"This family-owned Champagne house was founded in 1763, and its historic caves (built across three levels) embody three distinct architectural styles: Gothic, Renaissance, and Romanesque. The chamber pictured here holds the iconic Champagne Armand de Brignac, which is produced by the Cattier property. In 2014 musician Jay-Z bought the Armand de Brignac brand, after previously featuring its iconic gold bottles in a music video." --https://www.architecturaldigest.com/gallery/champagne-caves-wine-cellars-france
Touring the cellars of various champagne shippers sounds like it would be fun, but I'd even more like to drive around in the vineyards and see the growing grapes.
"Although the legend of Benedictine monk Dom Pérignon creating sparkling wine in the late 1600’s and declaring 'come quickly, I am tasting the stars!' is a lovely, romantic story it also unfortunately is not true. The reality is that intentionally creating sparkling wine was a trial and error process over hundreds of years. If anything, bubbles in wine were more commonly viewed as a flaw and it was quite some time before we would come to view Champagne with the reverence and awe of today." --https://www.cellarangels.com/wine-tasting-blog/how-do-they-put-bubbles-in-champagne-1573119188.html
How does carbon dioxide get into champagne so it can pop the cork and then form bubbles in your glass?

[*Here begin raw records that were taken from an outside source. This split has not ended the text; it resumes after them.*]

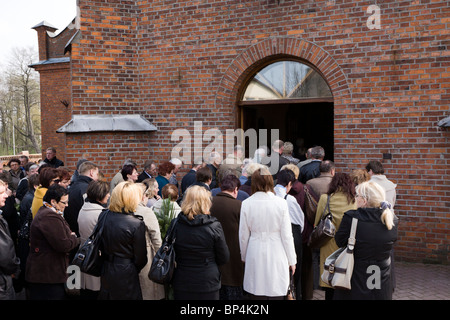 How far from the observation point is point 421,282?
19.8 feet

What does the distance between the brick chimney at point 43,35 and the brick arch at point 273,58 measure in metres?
14.9

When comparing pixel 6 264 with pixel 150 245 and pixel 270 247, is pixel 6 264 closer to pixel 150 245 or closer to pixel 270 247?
→ pixel 150 245

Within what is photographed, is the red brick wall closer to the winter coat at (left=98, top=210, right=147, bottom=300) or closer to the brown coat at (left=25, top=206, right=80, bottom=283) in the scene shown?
the brown coat at (left=25, top=206, right=80, bottom=283)

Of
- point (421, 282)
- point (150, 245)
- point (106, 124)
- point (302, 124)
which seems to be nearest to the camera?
point (150, 245)

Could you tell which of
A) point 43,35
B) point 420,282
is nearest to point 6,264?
point 420,282

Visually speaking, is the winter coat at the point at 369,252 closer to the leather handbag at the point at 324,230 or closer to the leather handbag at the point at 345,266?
the leather handbag at the point at 345,266

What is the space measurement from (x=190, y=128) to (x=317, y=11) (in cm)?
321

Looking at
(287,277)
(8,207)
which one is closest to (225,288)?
(287,277)

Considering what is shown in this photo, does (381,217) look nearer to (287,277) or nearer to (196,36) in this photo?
(287,277)

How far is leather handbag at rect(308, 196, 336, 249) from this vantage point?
4.46 meters

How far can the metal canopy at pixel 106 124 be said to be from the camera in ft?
27.3

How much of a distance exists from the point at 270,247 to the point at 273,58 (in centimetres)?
480

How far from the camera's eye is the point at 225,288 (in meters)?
4.63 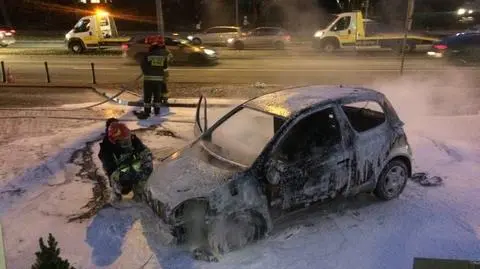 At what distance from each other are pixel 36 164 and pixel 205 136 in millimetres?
3264

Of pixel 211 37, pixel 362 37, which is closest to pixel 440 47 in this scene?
pixel 362 37

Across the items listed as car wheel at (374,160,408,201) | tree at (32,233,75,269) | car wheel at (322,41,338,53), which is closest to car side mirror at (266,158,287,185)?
car wheel at (374,160,408,201)

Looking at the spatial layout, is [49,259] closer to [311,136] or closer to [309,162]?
[309,162]

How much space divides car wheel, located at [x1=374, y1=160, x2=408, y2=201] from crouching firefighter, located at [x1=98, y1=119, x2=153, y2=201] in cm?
298

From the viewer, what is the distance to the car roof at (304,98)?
18.0ft

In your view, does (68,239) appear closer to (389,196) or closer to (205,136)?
(205,136)

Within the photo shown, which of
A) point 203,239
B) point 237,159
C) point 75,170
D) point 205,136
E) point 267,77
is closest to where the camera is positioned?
point 203,239

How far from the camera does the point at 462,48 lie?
62.0 ft

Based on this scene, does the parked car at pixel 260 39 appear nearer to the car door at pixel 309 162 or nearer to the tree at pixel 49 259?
the car door at pixel 309 162

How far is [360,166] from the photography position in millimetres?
5562

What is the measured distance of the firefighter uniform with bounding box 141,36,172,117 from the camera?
10305mm

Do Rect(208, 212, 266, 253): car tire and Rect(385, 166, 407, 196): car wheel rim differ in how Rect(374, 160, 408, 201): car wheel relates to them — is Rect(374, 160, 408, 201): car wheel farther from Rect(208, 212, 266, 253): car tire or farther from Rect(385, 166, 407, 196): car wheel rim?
Rect(208, 212, 266, 253): car tire

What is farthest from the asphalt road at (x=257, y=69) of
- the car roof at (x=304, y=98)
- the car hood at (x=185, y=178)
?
the car hood at (x=185, y=178)

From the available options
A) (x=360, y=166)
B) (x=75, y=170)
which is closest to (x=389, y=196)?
(x=360, y=166) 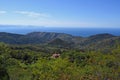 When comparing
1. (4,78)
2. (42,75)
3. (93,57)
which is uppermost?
(93,57)

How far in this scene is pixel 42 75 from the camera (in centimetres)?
1930

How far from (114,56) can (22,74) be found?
10.5 m

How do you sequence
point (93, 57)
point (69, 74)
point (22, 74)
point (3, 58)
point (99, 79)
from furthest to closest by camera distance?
1. point (3, 58)
2. point (22, 74)
3. point (93, 57)
4. point (69, 74)
5. point (99, 79)

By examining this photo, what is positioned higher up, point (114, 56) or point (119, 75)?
point (114, 56)

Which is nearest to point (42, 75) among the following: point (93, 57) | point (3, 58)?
point (93, 57)

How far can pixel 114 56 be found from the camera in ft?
61.4

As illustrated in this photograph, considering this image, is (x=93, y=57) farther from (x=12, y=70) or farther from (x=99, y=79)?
(x=12, y=70)

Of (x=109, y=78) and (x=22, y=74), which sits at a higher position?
(x=109, y=78)

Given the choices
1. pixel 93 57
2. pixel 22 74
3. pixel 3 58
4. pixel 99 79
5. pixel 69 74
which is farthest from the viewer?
pixel 3 58

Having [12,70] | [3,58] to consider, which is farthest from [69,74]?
[3,58]

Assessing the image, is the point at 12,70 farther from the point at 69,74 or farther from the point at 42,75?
the point at 69,74

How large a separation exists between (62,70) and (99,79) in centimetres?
381

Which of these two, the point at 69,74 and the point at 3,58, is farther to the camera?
the point at 3,58

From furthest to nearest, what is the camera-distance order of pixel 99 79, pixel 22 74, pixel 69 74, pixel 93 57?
pixel 22 74
pixel 93 57
pixel 69 74
pixel 99 79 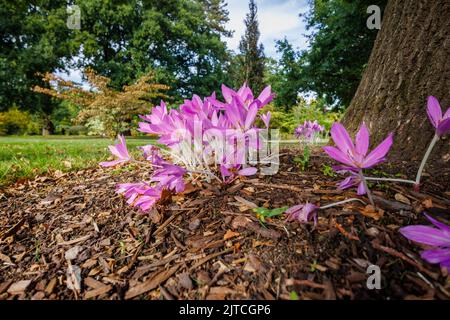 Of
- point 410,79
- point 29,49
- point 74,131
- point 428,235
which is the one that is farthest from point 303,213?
point 74,131

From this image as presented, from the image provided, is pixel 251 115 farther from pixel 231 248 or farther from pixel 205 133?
pixel 231 248

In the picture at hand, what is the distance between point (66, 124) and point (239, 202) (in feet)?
105

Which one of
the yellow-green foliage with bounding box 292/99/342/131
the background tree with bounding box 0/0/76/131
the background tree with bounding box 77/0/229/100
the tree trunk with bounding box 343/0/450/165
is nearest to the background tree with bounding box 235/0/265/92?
the background tree with bounding box 77/0/229/100

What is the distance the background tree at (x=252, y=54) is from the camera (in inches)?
893

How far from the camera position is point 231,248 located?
3.27 feet

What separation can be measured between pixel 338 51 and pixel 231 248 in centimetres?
1057

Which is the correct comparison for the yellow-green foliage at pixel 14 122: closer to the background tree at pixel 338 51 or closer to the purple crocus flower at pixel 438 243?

"To generate enough carbon dioxide to make bubbles, winemakers actually need to ferment champagne twice. That’s because the grapes in champagne aren’t very sweet, so there isn’t a lot of sugar for the yeast to eat. After the first round of fermentation, the wine is only about nine percent alcohol, which is pretty low — your average glass of champagne is usually closer to 12 percent. And the carbon dioxide is allowed to escape, so no bubbles form.

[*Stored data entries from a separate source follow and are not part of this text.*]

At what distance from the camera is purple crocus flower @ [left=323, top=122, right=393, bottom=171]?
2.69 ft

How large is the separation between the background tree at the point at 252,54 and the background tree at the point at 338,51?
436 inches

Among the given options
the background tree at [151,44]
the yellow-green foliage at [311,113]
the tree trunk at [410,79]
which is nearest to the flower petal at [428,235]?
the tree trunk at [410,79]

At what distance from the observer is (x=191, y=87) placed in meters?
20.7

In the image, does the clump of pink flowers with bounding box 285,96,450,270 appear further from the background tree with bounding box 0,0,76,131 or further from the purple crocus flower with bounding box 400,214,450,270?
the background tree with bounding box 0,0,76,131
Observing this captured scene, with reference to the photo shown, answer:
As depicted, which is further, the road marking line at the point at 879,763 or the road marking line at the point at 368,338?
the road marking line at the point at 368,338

"In the second round of fermentation, winemakers add a little bit of extra sugar — either cane or beet — and, more yeast. Then, they cap the bottle, sealing everything inside. The yeast ferment the sugars and produce more carbon dioxide and alcohol. They also die, and digest themselves, producing the molecules responsible for the more toasty, yeasty flavors in aged champagne." --https://www.theverge.com/2016/12/31/14135404/champagne-sparkling-wine-science-bubbles-physics-alcohol-hangovers-new-years
Finally, what makes the bubbles form when you fill your glass with champagne?
"Scientists at the University of Reims, France have discovered that tiny gas pockets and fibers stuck on the inside of a glass—from dust or a towel used for drying—influence the timing of the bubble trains.
"'Fibers entrap a tiny air pocket when Champagne is poured,' said physicist Gerard Liger-Belair. 'Then, this tiny air pocket literally sucks the [dissolved] carbon dioxide.'" --https://www.livescience.com/4244-champagne-bubble-mystery-solved.html
Champagne is definitely the wine for this New Year's week, but I like non-bubbly wine better -- maybe I'm like the singer of Cole Porter's song: "I get no kick from champagne." However, it's perfect for the weekly drinking party at Elizabeth's blog!
I have assembled this collection of quotes for this post on my food blog (mae food dot blog spot dot com) and if you are reading it elsewhere, it's been stolen!
Have a great New Year's Eve, and let's hope for a better year in 2021.